172 Conn. App. 843
Conn. App. Ct.2017Background
- Petitioner (Antwon W.) was convicted in 2006 of multiple sexual‑assault counts for assaults on his 12‑year‑old cousin; trial counsel was Gregory St. John; conviction affirmed on direct appeal.
- Petitioner filed a second amended habeas petition alleging multiple Strickland claims of ineffective assistance: inadequate voir dire (failure to ask about jurors’ history as victims), failure to investigate juror bias after a deliberation concern, failure to object to jury instructions on constancy of accusation, inadequate cross‑examination of the victim, poor plea advice, and inadequate investigation/call of exculpatory witnesses.
- Habeas trial evidence included petitioner’s testimony, defense expert Attorney Kaatz, and trial counsel St. John (for the respondent). The habeas court excluded juror testimony about deliberations via motion in limine.

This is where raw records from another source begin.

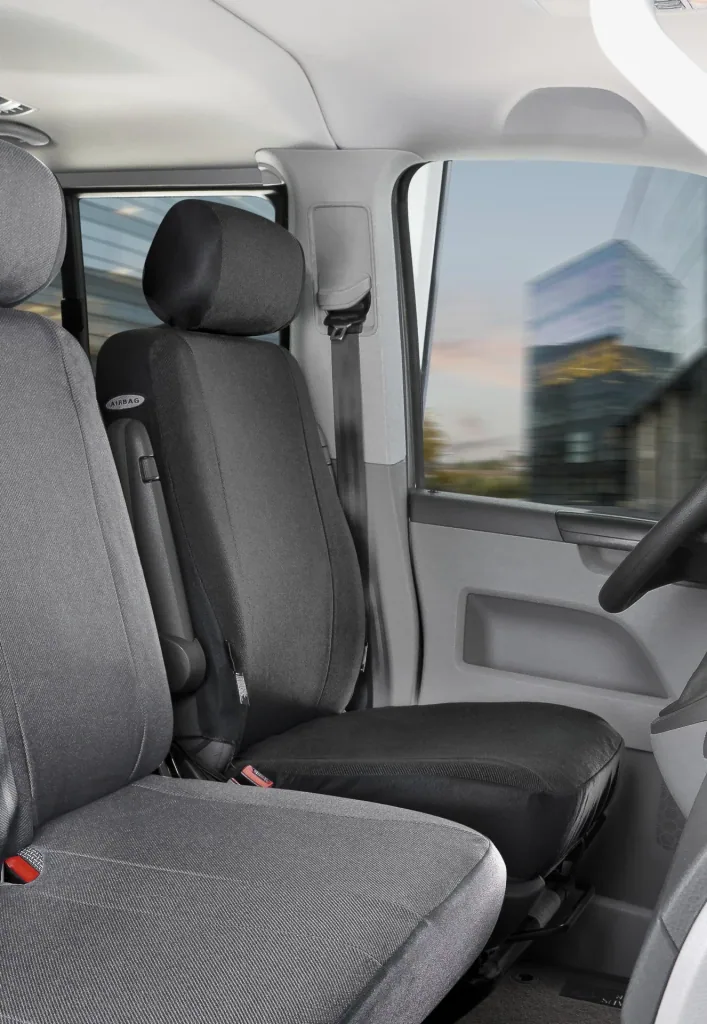 Fitted seat covers VW T5 for 3-seater bench platform made of fabric from 04/2003 to 06/2015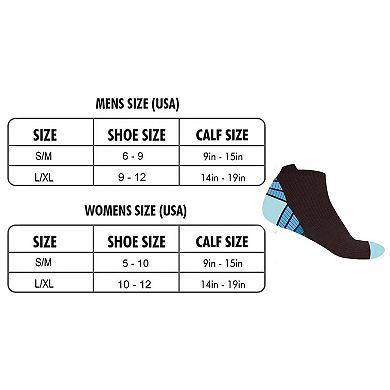 Compression Socks - Ankle High For Running, Athtletics, Travel - 6 Pair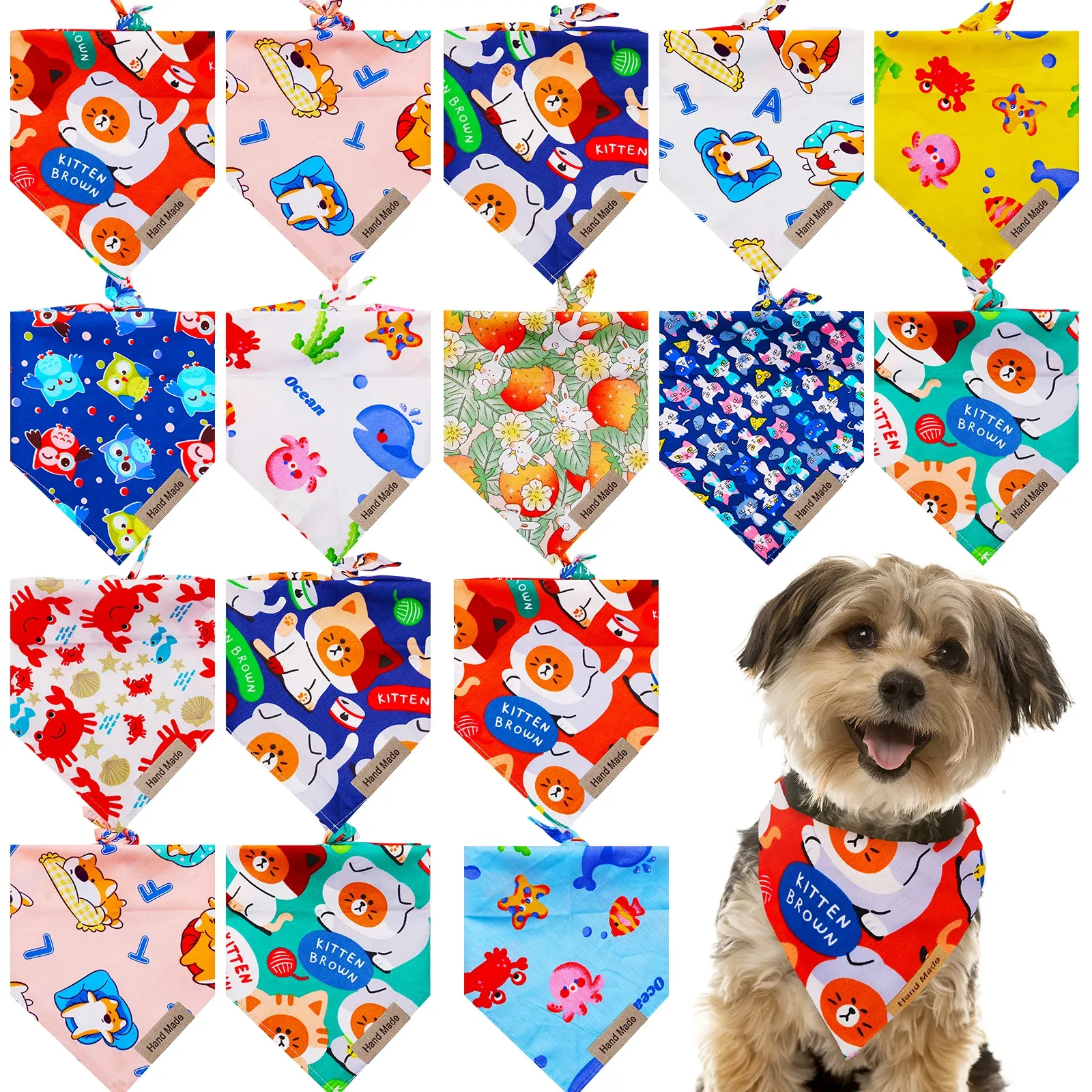 Dog Bandanas Pack of 20 50 Summer Cooling Bandana for Small Dogs Cats Puppies Soft Cotton Neckerchief Triangle Bibs for Pet Grooming and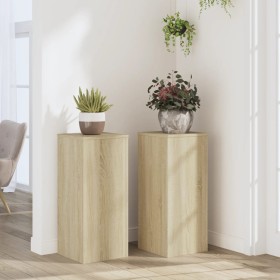 Soportes de plantas 2 uds madera roble Sonoma 30x30x70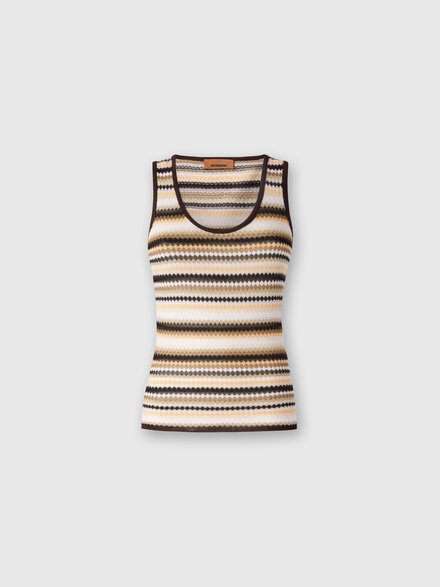 Striped cotton and viscose tank top, Multicoloured  - DS24WK0LBK039XSM9GH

- The habeas court denied relief, finding counsel’s performance not deficient or, alternatively, that petitioner failed to show prejudice under Strickland; petitioner obtained certification to appeal.
- Appellate court applied Strickland standards, declined to apply any cumulative‑error doctrine, and affirmed the habeas court on each argued ground.
Issues
| Issue | Petitioner’s Argument | Respondent’s Argument | Held |
|---|---|---|---|
| Voir dire: failure to ask if jurors (or close others) were sexual‑assault victims | St. John was deficient for not asking the specific question, resulting in a biased juror | Trial and judge’s preliminary voir dire covered life experiences/bias; counsel’s questions were reasonable strategy | No deficiency: questions covered same territory; no Strickland performance failure |
| Post‑deliberation juror concern: failure to seek further inquiry | Counsel should have pressed for a Brown inquiry when juror L.B. referenced another juror’s “personal past” | L.B.’s statements were vague/internal; voir dire had elicited impartiality assurances; Brown inquiry not required here; counsel reasonably avoided intruding on deliberations | No deficiency: inquiry not obviously required; counsel’s restraint reasonable; petitioner’s claim speculative |
| Jury instructions on constancy of accusation evidence | Counsel was ineffective for not objecting to instructions that allegedly allowed substantive use of constancy testimony | Instructions included limiting language that distinguished corroboration from substantive proof; even if imperfect, any overbreadth was minor and case had strong independent evidence | No prejudice under Strickland: instructions unlikely to mislead jury; conviction supported by independent corroboration |
| Cross‑examination of victim | Counsel failed to adequately impeach the victim on key points | Counsel’s choices were tactical; petitioner failed to brief or analyze specifics | Not reviewed — inadequate briefing by petitioner; claim abandoned |
| Plea advice | Counsel failed to advise petitioner to accept state plea offers | Petitioner expressed strong desire to go to trial; habeas court found petitioner unlikely to have accepted a plea even if advised | No relief: petitioner did not challenge habeas court’s finding on prejudice |
| Failure to investigate/call witnesses; DCF records | Counsel failed to locate or call exculpatory witnesses (D, "Tootsie", DCF records) | Petitioner did not produce these witnesses at habeas trial and/or failed to plead claims properly; claims abandoned or not proven | No prejudice or waived: absent witness testimony at habeas, prejudice cannot be shown; some claims not properly raised |
Key Cases Cited
- Strickland v. Washington, 466 U.S. 668 (1984) (two‑prong test for ineffective assistance: performance and prejudice)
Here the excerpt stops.